In 1616, Brewster hit upon a promising scheme, combining evangelism and the profit motive. At first, he had suffered worse than most in Leiden, because of the strain of keeping his large family—he and his wife brought with them five children—and because as a gentleman he had never done manual work. Gradually, he built a reputation as a tutor, teaching English to wealthy Danes and Germans studying at the university. Then, with backing from another Separatist, a minor landowner from Kent called Thomas Brewer, he went into the book trade. In early 1617, the Pilgrims began publishing titles at Leiden, mostly expensive, finely bound volumes for sale to academic Puritans at home.
Title page of A Confutation of the Rhemists, printed by the Pilgrims at Leiden. This copy belonged to the poet Edward Benlowes (1602–76). A Royalist during the English Civil War, Benlowes was not a Puritan, but he was fiercely anti-Catholic, and this seems to have been the book’s appeal. (The Old Library, St. John’s College, Cambridge)

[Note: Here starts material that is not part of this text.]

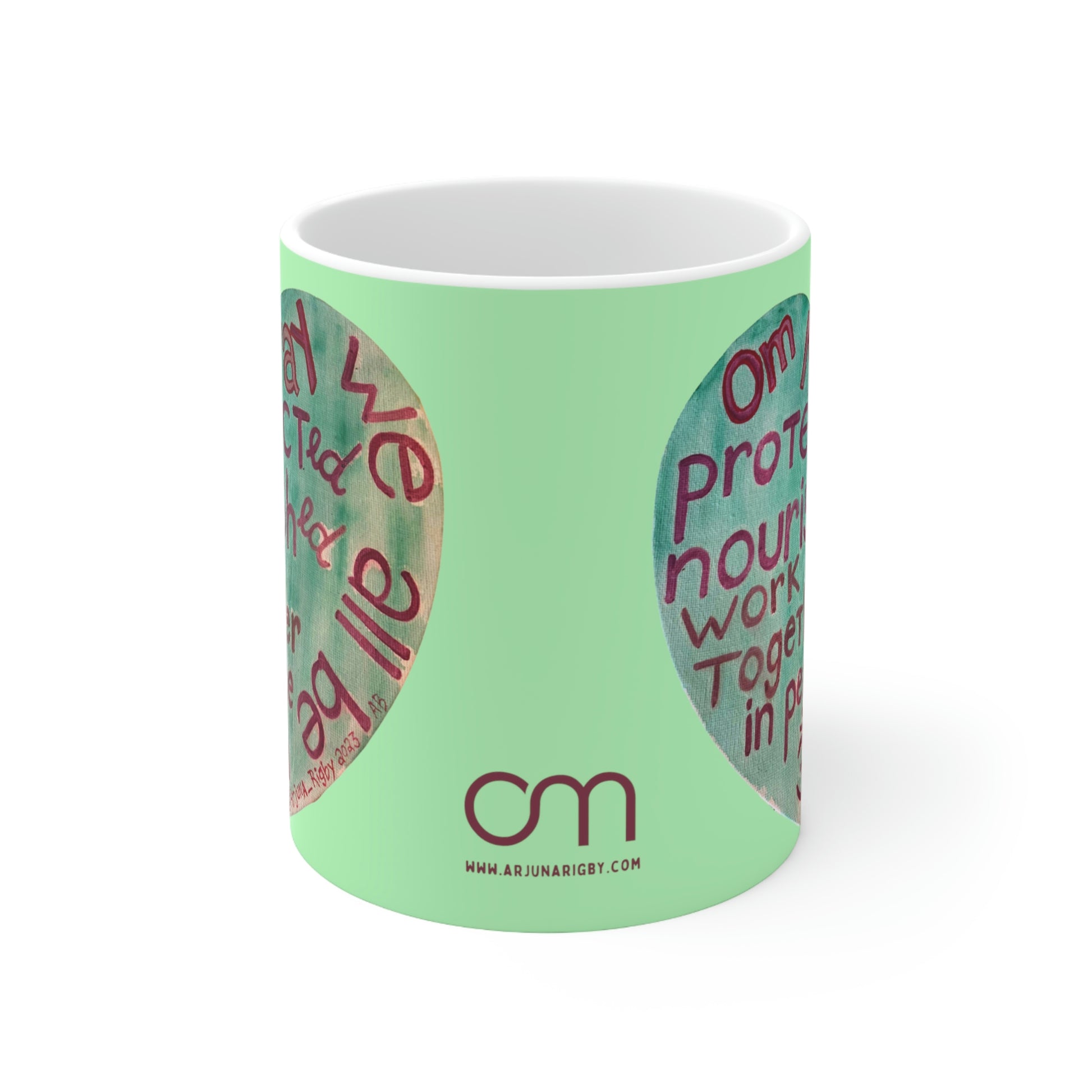 Om May We All Be Protected - Mug - Arjuna Rigby Art and Lifestyle Store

The Pilgrim Press issued about nineteen books. By far their biggest seller was a thick, handsome folio by the great Thomas Cartwright, bearing the ponderous title A Confutation of the Rhemists. Written in the 1580s, and commissioned originally by Puritan sympathizers, including Walsingham, it was an anti-Catholic commentary on the New Testament. Although nothing in it was subversive, it fell afoul of a system of censorship introduced in 1586, when the Star Chamber decreed that printers must obtain a license from the archbishop of Canterbury for any title they sold. John Whitgift banned Cartwright’s book, fearing that it might enhance his reputation. It languished unpublished until 1618, when Brewster revived it and began shipping copies back to England.13
Although it was unlicensed, the Confutation must have sold openly and well, because nearly sixty copies still exist, fifteen of them in college libraries at Oxford. It would have been impossible to smuggle a book as hefty as this in such quantities. It seems that Brewster had found a profitable niche: books a little too hot for English publishers to handle, but not scandalous enough to bring the full weight of authority crashing down. The following year, however, the Pilgrims went too far. On his list, Brewster included books by a Scottish author, works bound to infuriate a king who had suddenly become especially sensitive to criticism.
THE PERTH ASSEMBLY
For many years, the king had complained about scurrilous pamphlets printed abroad, mostly by exiled Catholics. There was, for example, a rebellious crew of Irish Franciscan monks who ran off seditious books in Gaelic from a printing press in their Belgian monastery, causing a mild furor in 1614.14 Then, the following year, a pocket-size title went on sale at the Frankfurt Book Fair, written in excellent Latin, accessible to every educated European. It was a comic sensation.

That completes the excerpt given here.